Many people only talk about caring for their mental health on bad mental health days. In the past, I was one of those people. Not anymore.
I’ve finally realized that caring for my mental health on good mental health days is vitally important. I believe this is important for everyone, not just people who are living with a mental illness.
Before I explain how I care for myself on good days, I want to make one point clear: mental health and mental illness are different things. Everyone has mental health, yet only people with a mental illness have mental illness. Although, I believe everyone should care for their mental health, whether they live with a mental illness or not.
I’m living with mental illness; I have bipolar disorder and obsessive compulsive disorder. These disorders create a balancing act of anxiety and depression that I’ve become accustomed to living with. I have bad mental health days and good mental health days.
In the past I’ve focused heavily on my mental health during bad days; the days when depression was relentless, or when my anxiety spiraled out of control. On good mental health days, however, I never really gave my mental health much thought.
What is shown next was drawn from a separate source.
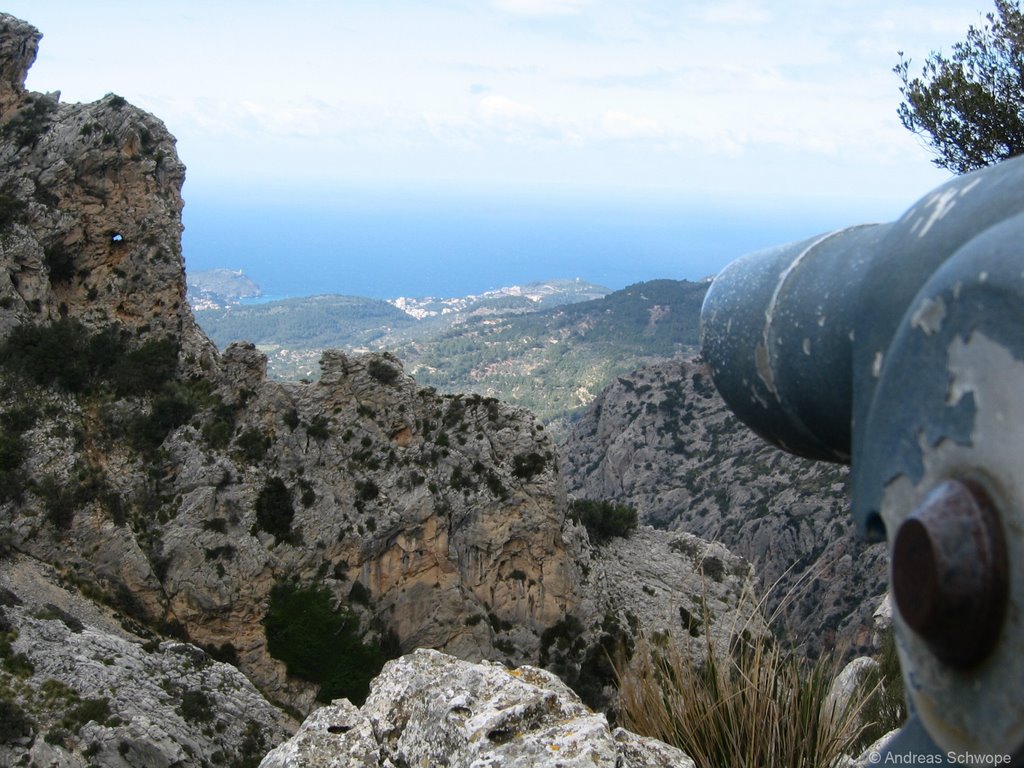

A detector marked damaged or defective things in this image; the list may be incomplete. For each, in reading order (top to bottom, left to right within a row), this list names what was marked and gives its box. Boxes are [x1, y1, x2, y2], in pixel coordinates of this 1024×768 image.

rusty metal knob [892, 479, 1003, 671]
I just enjoyed my good day, milked it for all it was worth, and moved on… knowing that another bad day would soon follow.
This approach potentially caused me to have more bad days. I recently looked back in my calendar at some of my very worst mental health days. I quickly noticed a trend; my worst days frequently fell right after some of my best. I realized: I’m absolutely exhausting myself on good mental health days, I’m doing too much, and I’m causing myself to crash.
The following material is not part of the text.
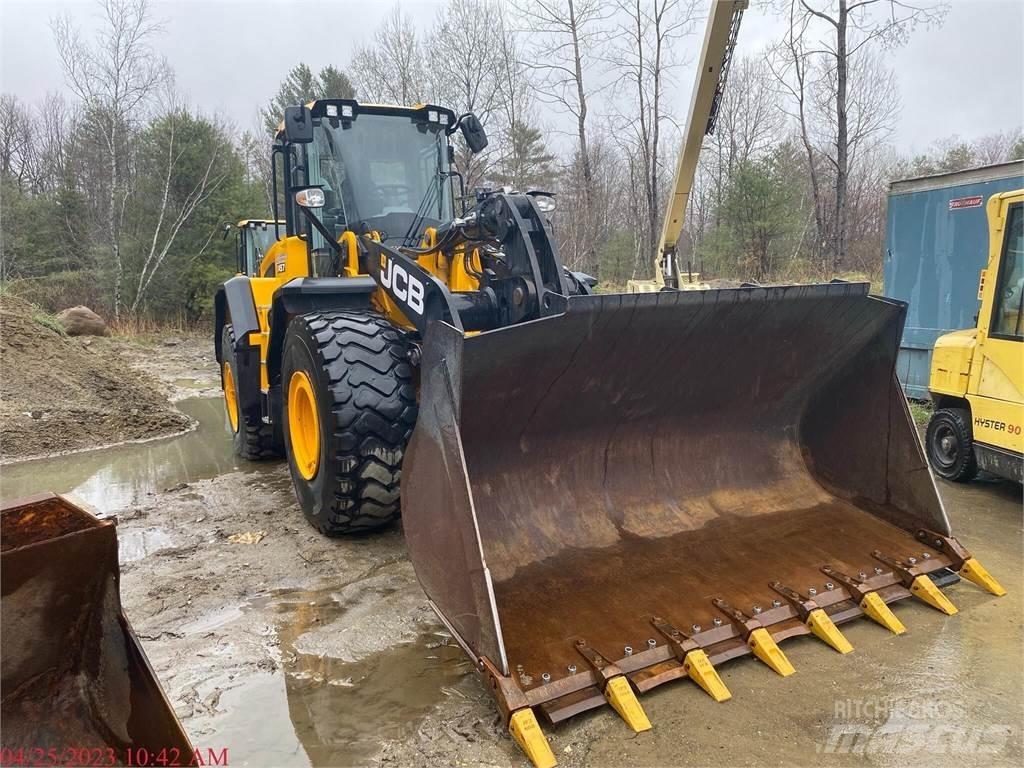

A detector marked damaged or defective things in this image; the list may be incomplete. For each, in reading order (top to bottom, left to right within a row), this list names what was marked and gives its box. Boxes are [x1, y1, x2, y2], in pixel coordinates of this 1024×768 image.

I started thinking… When someone is drinking, you’ll sometimes hear them say, “I’m gonna have a hangover tomorrow, I should stop.” When someone is working out, you’ll sometimes hear them say, “I know I’m gonna be sore tomorrow, I should slow down.” So, why shouldn’t I do the same for my mental health?
On good mental health days, I’m typically capable of doing more, but that doesn’t mean I should. I’m capable of doing more house chores, socializing more, and staying out later… but that doesn’t mean I should. What I should do is think about my mental health, and the “mental health hangover” that I might cause if I do more.
So, that’s what I’ve been doing, and it’s amazing. Since I started implementing this I’ve had many more good days. Additionally, I haven’t experienced the crashes that typically follow a really good day.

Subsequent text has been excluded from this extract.